Friday, July 22, 2011

When should we teach students about Pharmacy Informatics?

The timing of student Informatics exposure came up in a recent discussion with Doina Dumitru, an Informatics colleague and editor of The Pharmacy Informatics Primer.  We were approached by a well known college about the possibility of offering an elective Pharmacy Informatics course to students.  You can imagine our excitement and enthusiasm for this request.  We started charting out the curriculum and lecture topics, as well as appropriate class timelines.  Initially we hoped to offer this during the summer of the student's second professional year, but quickly came to realize some challenges.  

First, students lacked the pharmacy practice experience to understand much of what we taught.  Informatics is an extension of the clinician, a way to take our experience and build it into computers.  Students just don't possess the knowledge to absorb the implications or reasons for Informatics decisions.  Informatics is about our practice experience, not about being an IT person.  The IT skills are necessary, but secondary.  Pharmacy workflows, regulations, and clinical practice play a big part in our decision making process.  Paralleling the importance of these points to pharmacy curricula, we realized the students would not be ready for an entire Informatics course until a portion of their final clinical rotations were complete.  While there may be an exemplary example with years of pharmacy technician or externship experience, it was not enough to justify a course.  

Integrating a handful of lectures on Informatics topics into a required management course might be a better alternative, but what about the lecture content?  The topics should focus on well known, high impact subjects such as Meaningful Use, the HITECH portion of ARRA 2009, and the overall impact of technology on pharmacy practice.  How has technology shaped our profession over the past 30 years?  What does Meaningful Use "mean" to the practicing pharmacist?  How can pharmacists help their institutions and colleagues in healthcare with adoption of medication use methodologies in information systems?  What is an electronic health record and how do medications flow through them?  Topics such as automation technologies, downtime, data mining, and report writing came up in our discussions, but the group felt like they would be perceived as low impact lectures.  In student speak "we will watch the lecture on video and sleep in a few hours."  

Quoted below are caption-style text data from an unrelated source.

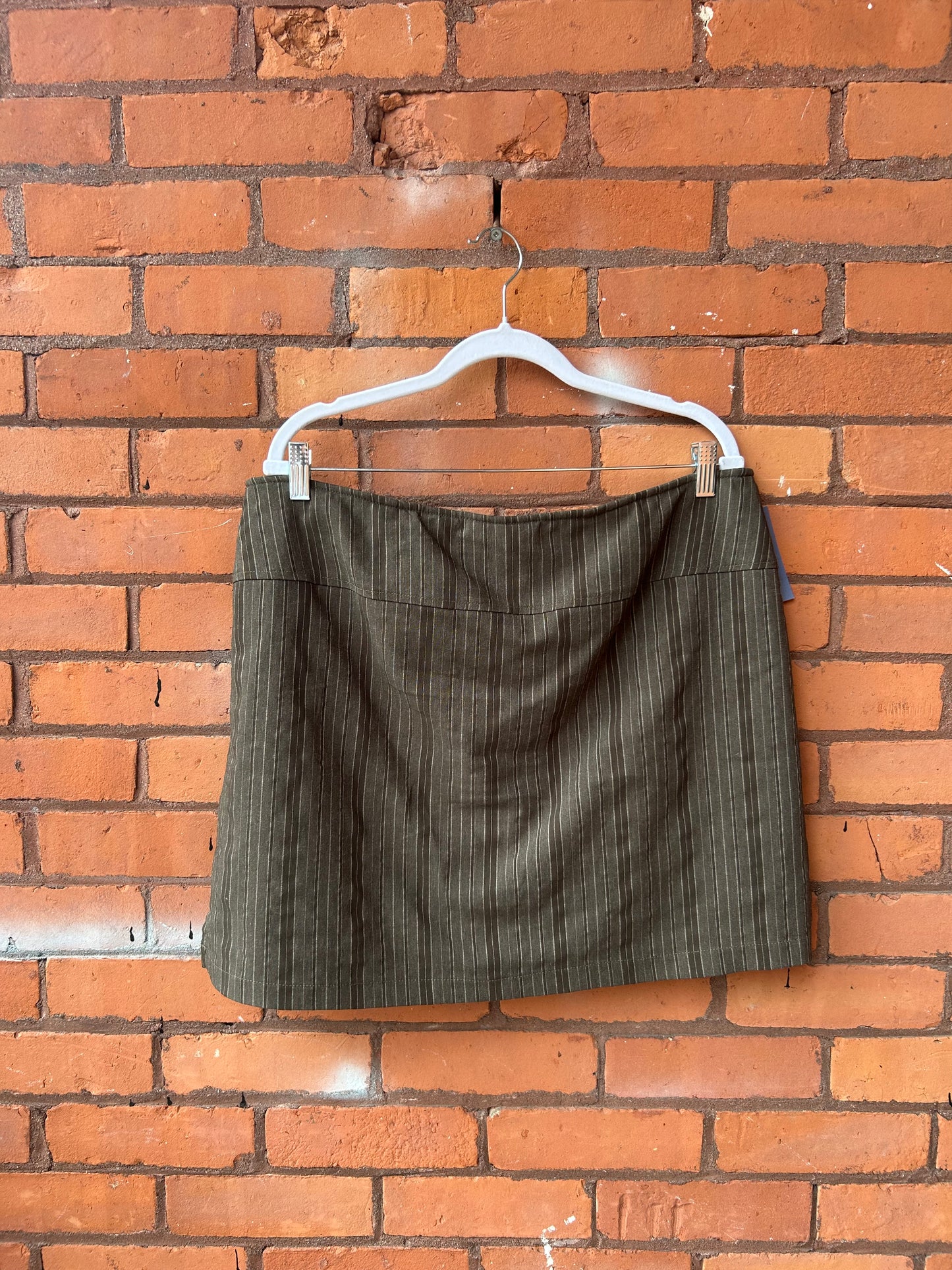 90’s Vintage Olive Green Striped Mini Skort / 40-44 Waist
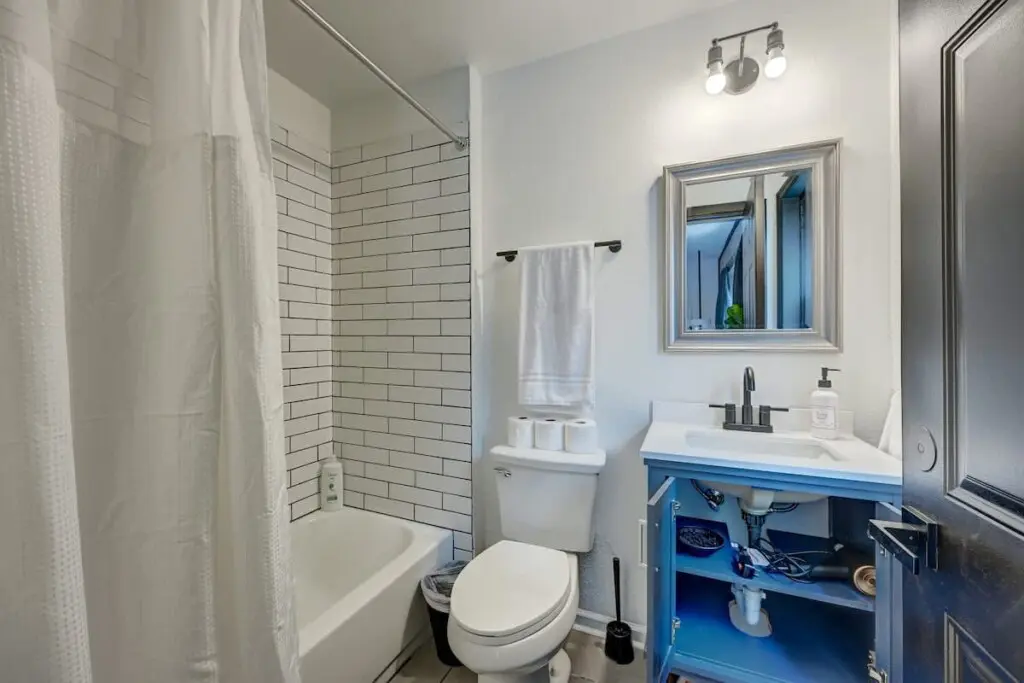 ada3c9f5 cf8b 4f hPYdS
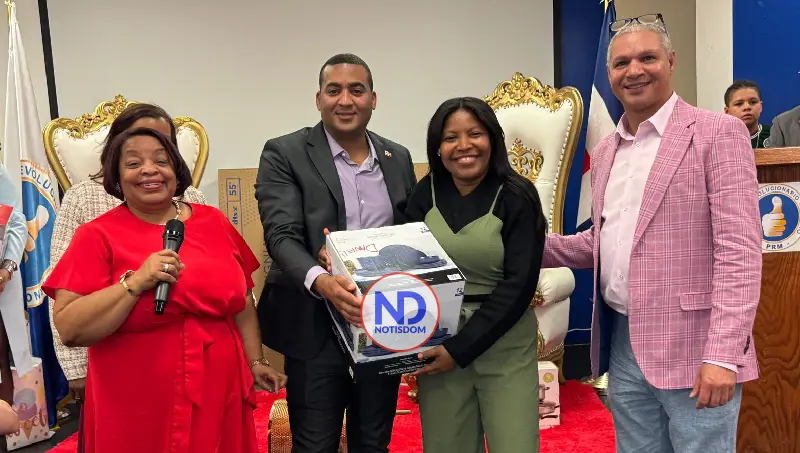 NOTISDOM FOTOS PF2026 2026 05 31T214430.044 Lealtad Política reúne a Cirilo Moronta y Adriano Espaillat en homenaje a las madres dominicanas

The next topic was on how many hours of content the lectures would provide.  The topics need to be targeted, high impact discussions that spark interest in the profession.  They need to grab the student's attention and flip a few light bulbs to the "on" position.   This is still an open discussion, but I would estimate 6 hours to cover the high impact topics.  

Students are a precious resource, and represent our legacy.  It is important for us to develop their exposure to Informatics in an interesting and paced manner.  I welcome your comments and questions.